Contractubex, a scar gel containing extractum cepae, heparin, and allantoin, was applied twice daily in accordance with the manufacturer’s instructions. Patients were assessed when treatment was initiated (visit 1), with subsequent assessments after 2 to 3 months of treatment (visit 2), and at the end of the study after 4 to 5 months of treatment (visit 3). Treatment records were kept for all 3 visits.

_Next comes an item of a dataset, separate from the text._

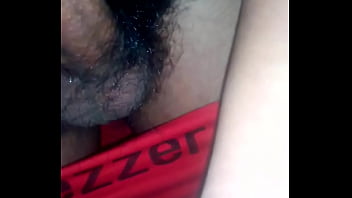 trim.3C14D7BB-833E-43A7-8DE1-805C7C4D68FA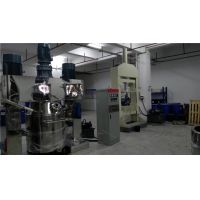 ǿ����ɢ�������豸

At each visit, the treating physician evaluated the extent of scar formation with regard to pliability (consistency/hardness), color (redness), sensation, and size. Pliability was rated as one of the following: normal skin, slightly hardened, or markedly hardened. Color was rated as pale/skin-colored, slightly red, or markedly red. Skin sensation with respect to pain, tension, and pruritus could be rated as sensitive to pain, tight, or itchy. At visit 2, patients were asked to provide subjective ratings of the properties of the medication in terms of smell (pleasant, neutral, or unpleasant), spreadability (very good, moderate, or bad), absorption (rapidly absorbed, is absorbed, or is absorbed slowly), and skin sensation after application (improved, unchanged, or worse). Efficacy and tolerability of the treatment were rated at visits 2 and 3 by both the physician and the patient using a 4-point scale (4 = very good, 3 = good, 2 = moderate, 1 = poor). Any adverse drug reactions were also recorded.
Results for color, pliability, sensation of pain, tension, and pruritus at both visits 2 and 3 were analyzed in comparison with those obtained at visit 1, using the McNemar 2-sided test.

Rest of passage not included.